Hitting First: Preventive Force in U.S. Security Strategy is in press
(scheduled release date September 2006) and is currently on deep (37%)
prepublication sale at Amazon.com:
http://www.amazon.com/gp/product/0822959364/sr=8-1/qid=1152639913/
ref=pd_bbs_1/002-2663356-9504831?ie=UTF8
Also out in the Quarterly Journal of Speech this week is the first
publication vetted through the Schenley Park DAWG (Debate Authors
Working Group), a nine-person collaborative of argumentation scholars
based in Pittsburgh, PA:
http://www.pitt.edu/~gordonm/JPubs/TeamBqjs.pdf
The impetus for formation of the DAWG came from our observation that as
the academic debate activity evolves on a trajectory roughly mirroring
intercollegiate athletics, scholarly publications on academic debate
have thinned out and migrated to specialty venues.
The sportification of intercollegiate debate presents exciting
opportunities (e.g. the recent contract with Cable Sports Network), but
also imperils key foundations of the activity.

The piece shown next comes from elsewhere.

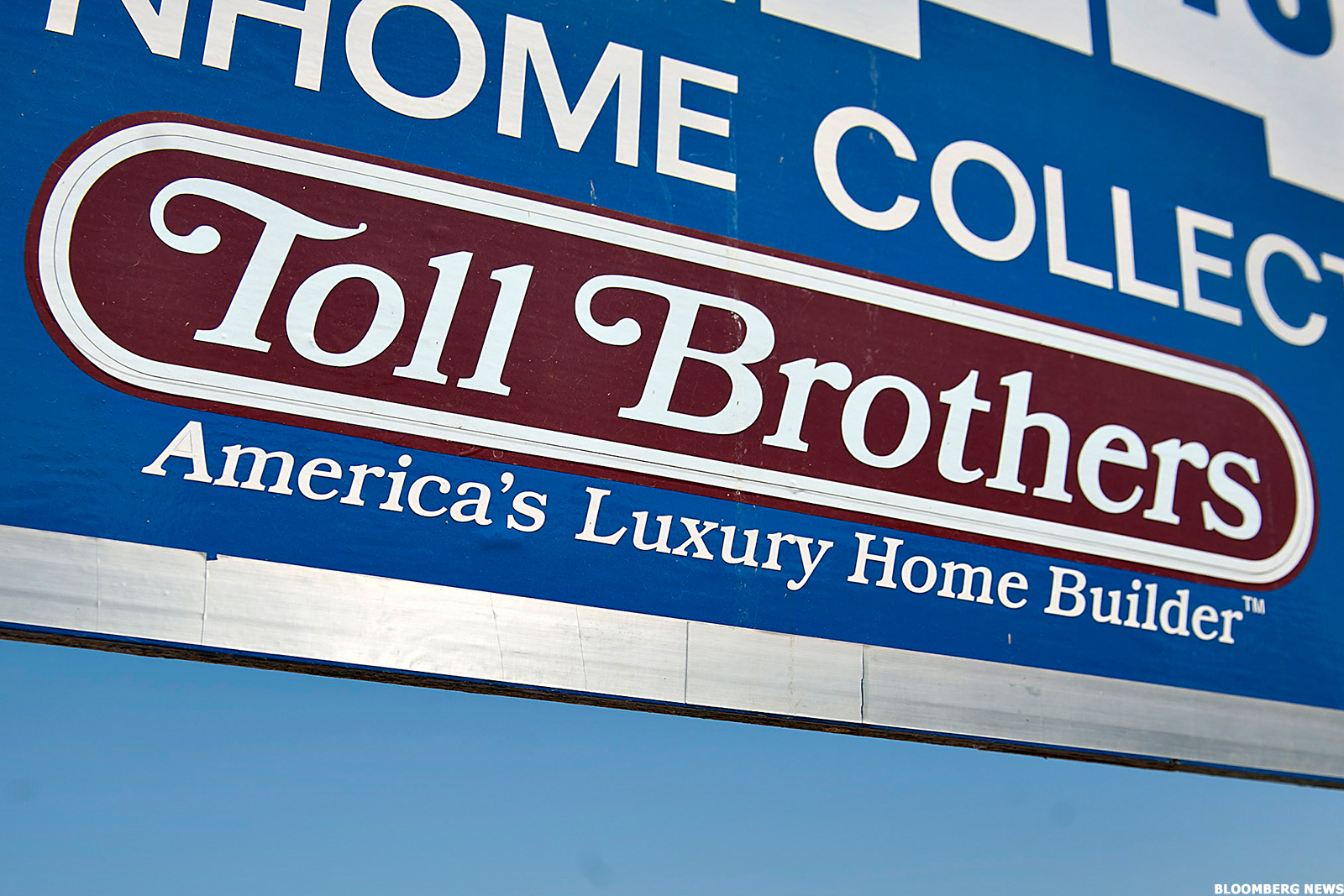 As Toll Brothers Keeps Hammering Away Its Technical Picture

One of those foundations
is the tradition of academic scholarship in debate, forged
energetically in the early days of the speech communication field, but
eroded recently by various factors making the publication of scholarly
work on academic debate for a general readership difficult.
During the past year, we have been meeting (in Pittsburgh's beautiful
Schenley Park) to generate publications that weave together forensics
praxis, argumentation theory and social criticism, consistent with the
following principles:
• DAWG scholarship thematizes academic debate (in its various forms) as
an object of study. Academic debate can either be a point of departure,
or an arrival point, of analysis.
• DAWG scholarship frames discussion of academic debate in expansive
terms that are understandable to those not trained in the activity.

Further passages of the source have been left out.